**Provided records**
══════

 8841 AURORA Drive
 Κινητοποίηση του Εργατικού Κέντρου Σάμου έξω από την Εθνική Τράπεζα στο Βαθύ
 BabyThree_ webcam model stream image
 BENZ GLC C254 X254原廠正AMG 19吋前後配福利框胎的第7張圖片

══════

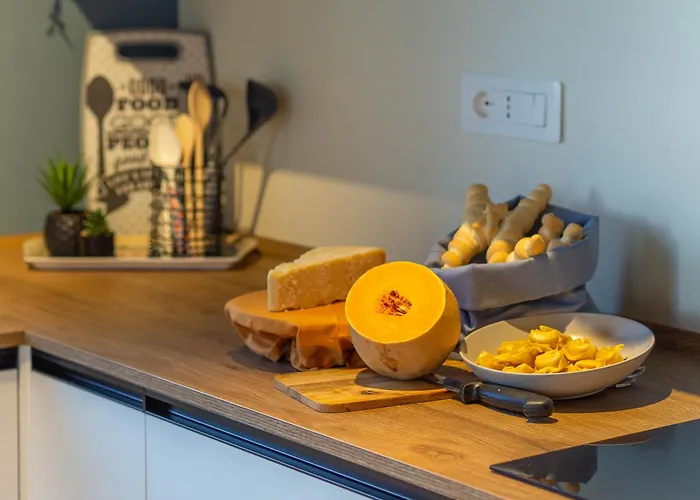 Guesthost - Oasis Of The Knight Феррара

══════

**Aim of the task**
Given the records above, restate word for word only the lines starting at the one with "BabyThree_ webcam model stream image" and ending at the one with "BENZ GLC C254 X254原廠正AMG 19吋前後配福利框胎的第7張圖片".

**Completed exercise**
 BabyThree_ webcam model stream image
 BENZ GLC C254 X254原廠正AMG 19吋前後配福利框胎的第7張圖片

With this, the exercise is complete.